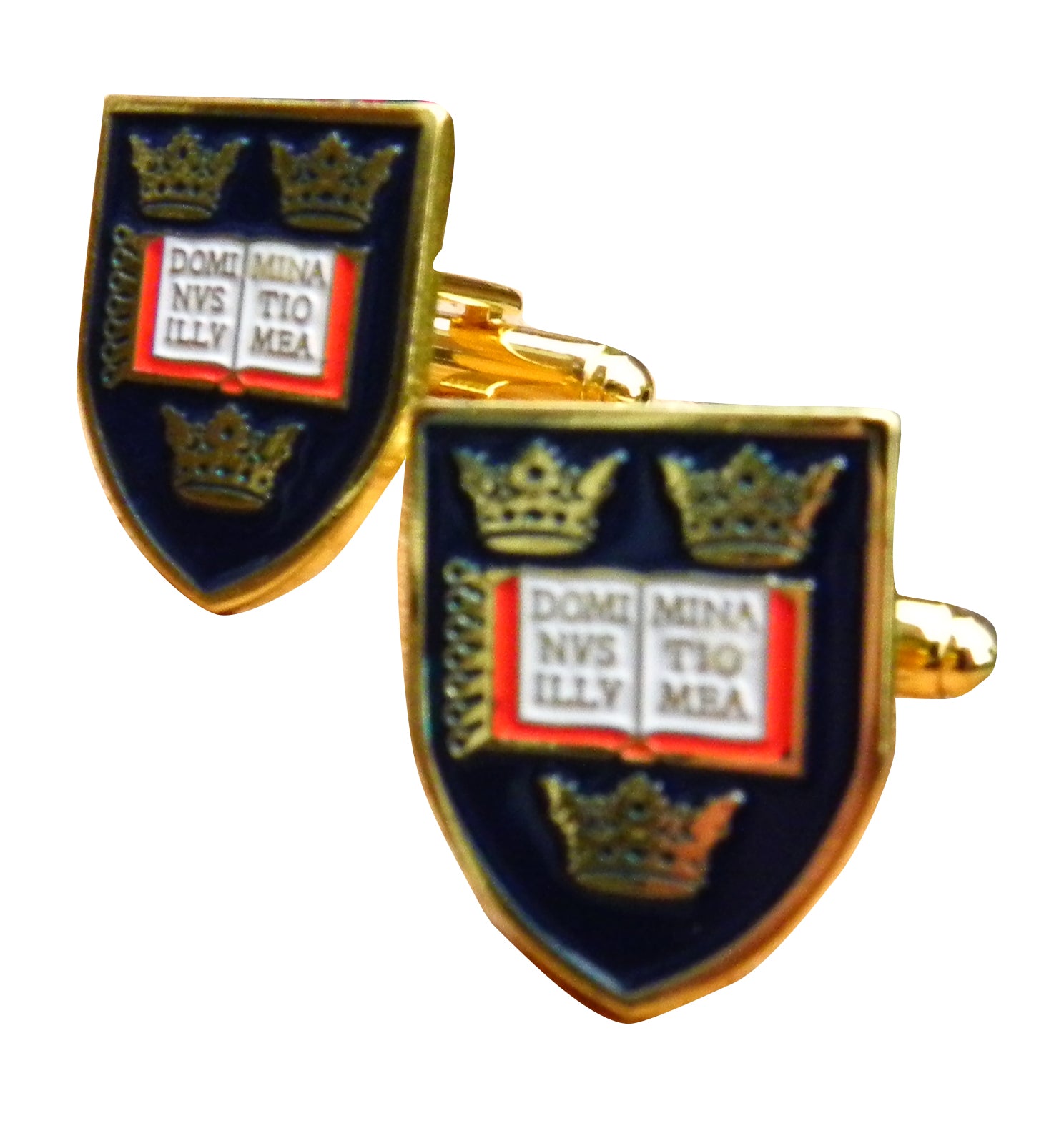 Oxford University Shield Cufflinks Gold colour - Oxford Souvenir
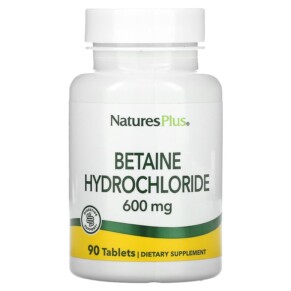 Thực phẩm chức năng NaturesPlus Betaine Hydrochloride 600 mg 90 Tablets 097467043701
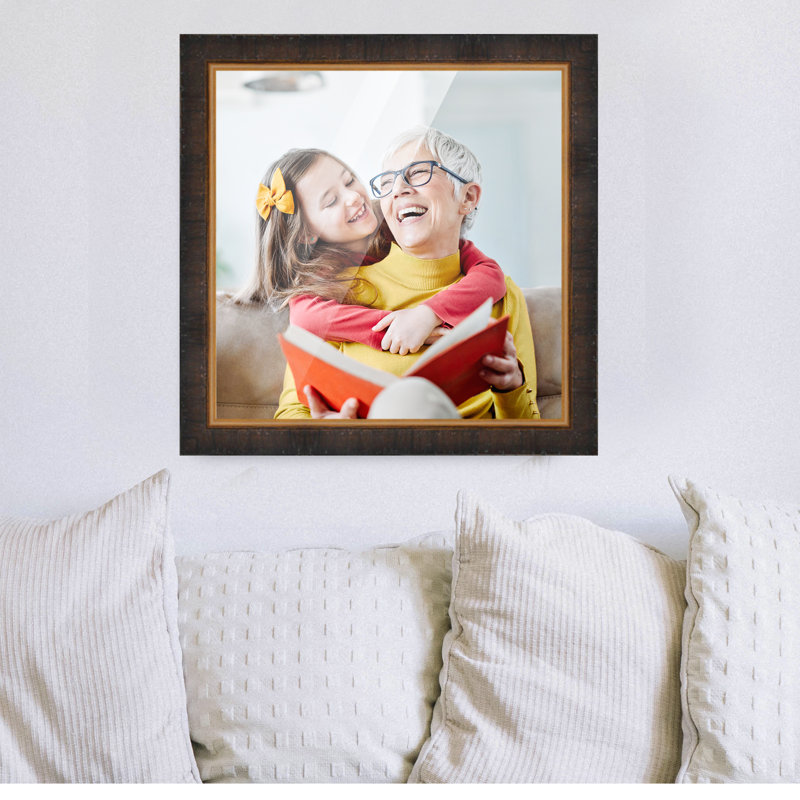 Cadre photo Jensenn, Brun, L 16 po x H 16 po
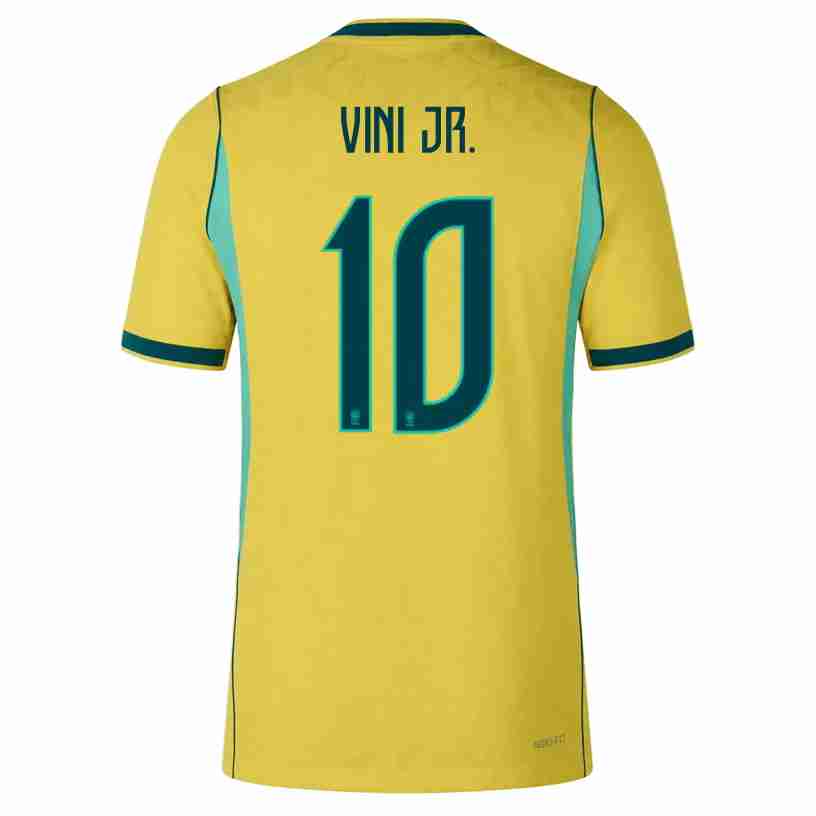 VINI JR. NO.10 Equipacion Brasil Primera 2026-Versión Jugador VINI JR. NO.10 Equipacion Brasil Primera 2026-Versión Jugador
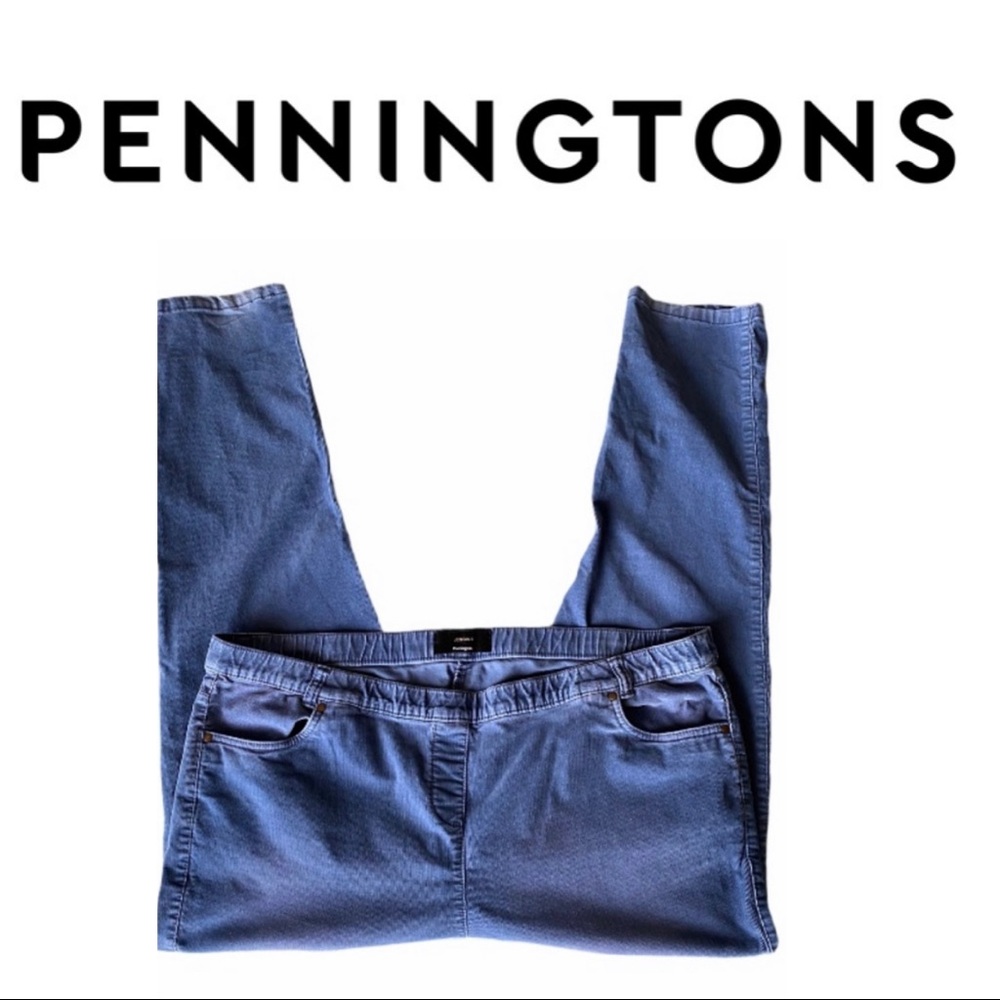 PENNINGTONS LIGHT CORDED JEGGINGS SIZE 2x
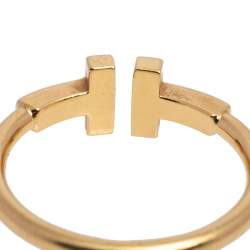 Pre Owned Tiffany & Co. Tiffany T Wire 18K Yellow Gold Ring Size EU 51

* TASK
From the line containing "Cadre photo Jensenn, Brun, L 16 po x H 16 po" through the last line of the records, both included, output those lines exactly and nothing else; skip the pictures.

* YOUR RESPONSE
 Cadre photo Jensenn, Brun, L 16 po x H 16 po
 VINI JR. NO.10 Equipacion Brasil Primera 2026-Versión Jugador VINI JR. NO.10 Equipacion Brasil Primera 2026-Versión Jugador
 PENNINGTONS LIGHT CORDED JEGGINGS SIZE 2x
 Pre Owned Tiffany & Co. Tiffany T Wire 18K Yellow Gold Ring Size EU 51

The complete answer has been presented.